Liberal Democrat leader Nick Clegg faces two battles in Britain’s general election. The first, obviously, is for his party’s standing in the country – but his second battle is closer to home, in his Sheffield Hallam constituency, where he is fighting for his political life.

At the start of April, Lord Ashcroft gave the Liberal Democrats a serious scare with his latest poll of the seat, which put Clegg on 34% – two points behind Labour. If these numbers are borne out on May 7, Clegg could be his party’s highest-profile casualty in what looks set to be its worst general election since it was formed.

That Clegg is at risk of losing his seat at all is remarkable, since this is just not something that happens to the leaders of mainstream political parties.

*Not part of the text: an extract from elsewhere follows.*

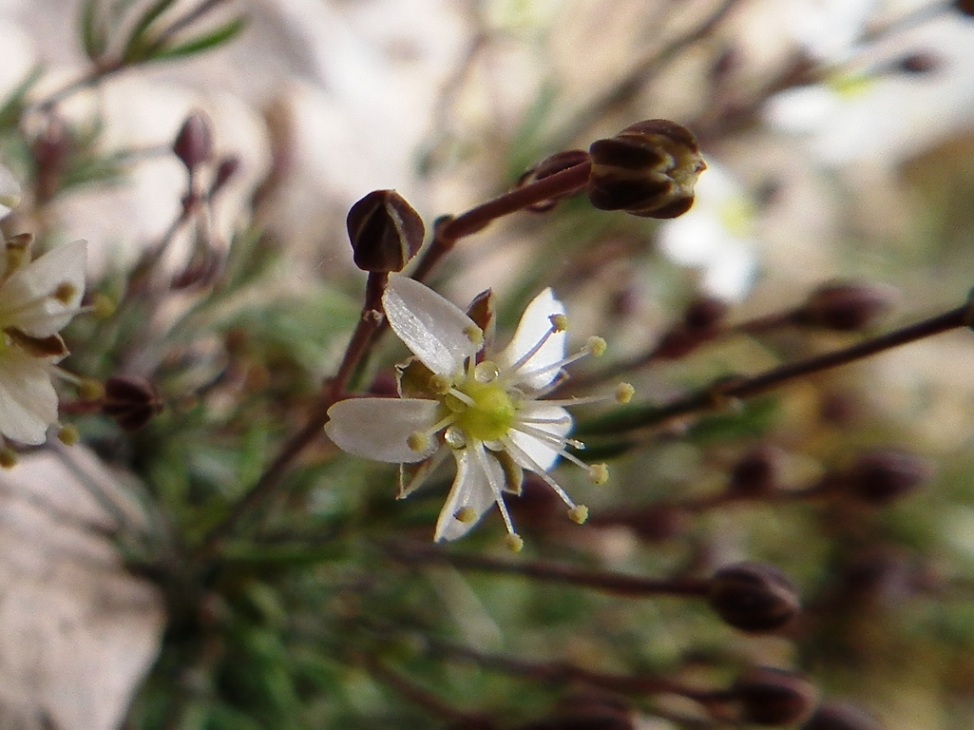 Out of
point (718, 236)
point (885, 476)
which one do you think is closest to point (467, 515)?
point (885, 476)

Modern party leaders tend to have one basic thing in common: they are generally MPs for seats where their party wins by comfortable majorities. Members with precarious majorities simply cannot guarantee being in the Commons long enough to rise through the ranks.

Since 1945 (and excluding Northern Ireland), leaders of parties with Westminster MPs have lost their seats on only five occasions. Three were leaders of nationalist parties: the SNP’s Gordon Wilson lost Dundee East in 1987, and Plaid Cymru’s Gwynfor Evans lost Carmarthen in both 1970 and 1979.

The other two defeated leaders both fell in the 1945 election, when the Liberals’ Archibald Sinclair lost Caithness and Sutherland and Liberal National leader Ernest Brown was defeated in Edinburgh Leith. No leader of a party with more than a handful of MPs has lost their seat since then.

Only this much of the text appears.